Les sabots claquent sur les pavés et s'arrêtent net devant la chapelle du château de Biron. Nos montures font halte devant cette merveille architecturale campée sur une butte aux confins du Périgord. En contre-haut, la première des quatre baronnies du coin a été façonnée par les meilleurs bâtisseurs du Moyen Age et achevée au XVIIIe siècle. Donjon, meurtrières, cuisines voûtées, petites écuries, logis seigneurial et salons de compagnie, tout en boiseries et marqueterie... C'est ici qu'ont été tournés les films cultes de cape et d'épée, du Capitan, avec Jean Marais, à Jacquou le Croquant. Et il suffit d'ailleurs d'une noble jument appaloosa qui répond au doux nom de Sourire et d'un décor romanesque pour qu'en un tournemain on se prenne pour la fille de D'Artagnan. Bon, on se calme...
Forêts de buis
En l'an de grâce 1602, l'ancien maître des lieux, Charles de Gontaut-Biron, a été décapité pour avoir trahi Henri IV, son fidèle ami.
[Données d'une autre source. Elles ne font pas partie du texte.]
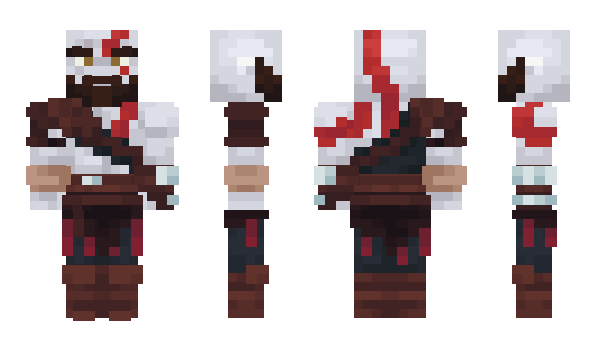 Minecraft skin MasterBOI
Quatre siècles plus tard, Patrick, notre affable guide, connaît toutes ses légendes sur le bout du sabot : "Depuis, on dit que le chevalier erre dans son château certains soirs d'été, la tête à la main..." Il avance dans les fourrés à dos de jument et ouvre les sentiers à coups de machette. Certes, cela manque d'arquebusiers et de poulaines, mais l'Indiana Jones occitan sait ménager ses effets.
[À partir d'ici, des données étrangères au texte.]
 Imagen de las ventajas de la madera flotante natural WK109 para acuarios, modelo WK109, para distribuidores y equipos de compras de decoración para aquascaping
Depuis une semaine, à raison de six heures de monte quotidienne, notre cavalerie parcourt l'une des plus belles régions de France. L'occasion unique de se ressourcer et d'envoyer aux orties la déprime hexagonale. La sombre couleur des chênes verts, que les troubadours appelaient yeuses, a donné son nom au Périgord noir. A flanc de coteau, en haut des crêtes, on longe les vignes, les plantations de pruniers d'Ente et de chênes truffiers. Les pruniers sauvages s'enracinent dans les prés tachés de coquelicots. Les montures en file indienne tendent l'oreille dès qu'un chevreuil bondit d'un champ de colza. Les forêts de buis et de charmes prennent des airs de Brocéliande, où des bories recouvertes de mousse - sortes de cabanes de pierres sèches - abritaient autrefois les canards, pour dissuader les renards en goguette.
Cités médiévales
Entre le Quercy blanc et le Périgord noir, à travers la vallée du Lot et les vignobles de Cahors, le parcours de 230 kilomètres est truffé de somptueuses bastides et de forteresses, comme celle de Bonaguil, où nous attend un copieux déjeuner car, messeigneurs, il est temps de faire ripaille ! Enfin repus, nous aurons tout loisir de découvrir ce domaine féerique : "Presque pas du tout démoli, extrêmement pittoresque, couvert de plantes et de fleurs", écrivait déjà Lawrence d'Arabie en 1908. On confirme... Le dernier des châteaux forts construits en France a été remarquablement conservé, avec ses canonnières et sa grotte naturelle située sous l'éperon rocheux.
Au pas, au trot, au galop, on ne compte plus les églises romanes, les cités médiévales et les rues ordonnées des bastides royales. Une ultime foulée et on rejoint Monpazier par la piste du Roy. La plus belle bastide du Périgord a été bâtie au XIIIe siècle pour Edouard Ier d'Angleterre. Au centre de la place carrée, devant la halle ancestrale et sous les flashs des touristes, on arrose la fin de notre glorieuse rando. Une flûte de champagne à cheval, avant de faire monter notre tribu de canassons dans les camions. Et d'aller passer une dernière nuit dans un confortable château du XIXe siècle. Perclus de fatigue mais heureux, pas besoin ce soir de compter les poneys pour trouver le sommeil.